The Chinese education movement Dong Zong said it has sought to meet new Education Minister Maszlee Malik for discussions but has yet to receive a reply.
Political commentator Tang Ah Chai said there were still hurdles to overcome, including resistance from some groups, especially Malay scholars.
“They always object to the UEC, they say that it is against national education policy and they cannot accept UEC as an examination conducted outside the government system,” he told FMT when asked to comment on the possible obstacles to UEC recognition.
Previous federal governments have kept recognition at bay, but Pakatan Harapan chief secretary Saifuddin Abdullah has said that the coalition would recognise the certificate when it came into office.
Recognition of the UEC, the school-leaving certificate of independent Chinese schools, was among the election campaign promises of Pakatan Harapan and Pakatan Rakyat before. The certificate has received limited recognition as an entry qualification in Sarawak, Selangor and Penang but not by the federal civil service or national public universities.
Malay-based groups, such as Perkasa and Gabungan Pelajar Melayu Semenanjung have objected to the UEC as an entry qualification for public universities, on the ground that the UEC curriculum was not in line with government education policies.
Despite such objections, Tang was optimistic that the new Pakatan Harapan-run government would be more receptive.
“Prime Minister (Dr Mahathir Mohamad) had abolished the National Council of Professors after he returned to office.
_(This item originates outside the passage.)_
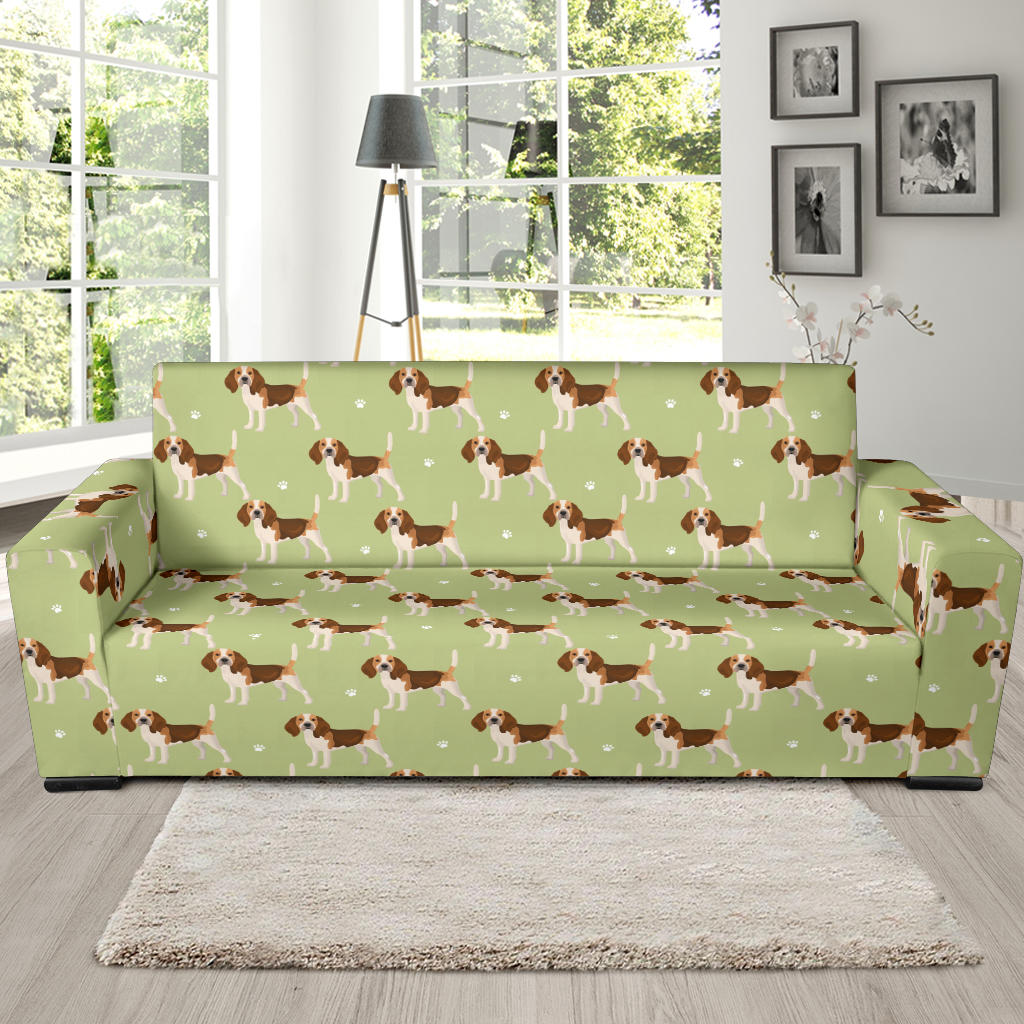 Beagle Pattern Print Design 07 Sofa Slipcover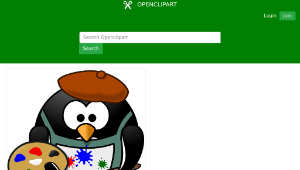 openclipart圖庫：Painter penguin縮圖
This professors group was against the UEC,” he said.
He also had advice for Chinese education groups such as the United Chinese School Committees Association of Malaysia (Dong Zong) and Jiao Zhong (United Chinese School Teachers’ Association) if they sought to have a meeting with the Mazlee.
They should not only talk about the UEC, because the ministry might think they are shallow, but they should also provide their views on how to improve Malaysian education in the future, he said.
Another analyst, Thock Kiah Wah was optimistic. “I think PH will recognise the UEC as they had spoken about it many times before. However, how long it will take to realise the hopes of the Chinese community will depend on whether the minister will be able to deliver PH’s promise,” he said.
Dong Zong president Vincent Lau urged PH to honour their campaign pledge to recognise the UEC.
“Even if the UEC is not in the list of what they wish to achieve in their first 100 days, Dong Zong do not see any more hurdles towards recognising UEC,” he said.
Lau said Dong Zong had already agreed to a PH condition that UEC students must sit for the SPM Bahasa Melayu paper.
He said Dong Zong had written to Mazlee last Tuesday, after he took his oath of office, to seek a meeting on the UEC but had yet to receive a reply. FMT was unable to reach Mazlee for comment.
The UEC was created by the Chinese independent schools 45 years ago, when the government stopped financing Chinese schools and preparing examination papers for them, because the school boards would not adopt Malay as the medium of instruction.
UEC holders can pursue degree courses at about 1,000 international universities and local private universities without having to attend pre-university classes.
State-owned institutions in Sarawak and Selangor have accepted the UEC as an admission qualification, and as an entry qualification to the Sarawak civil service, and to state-owned companies in Penang.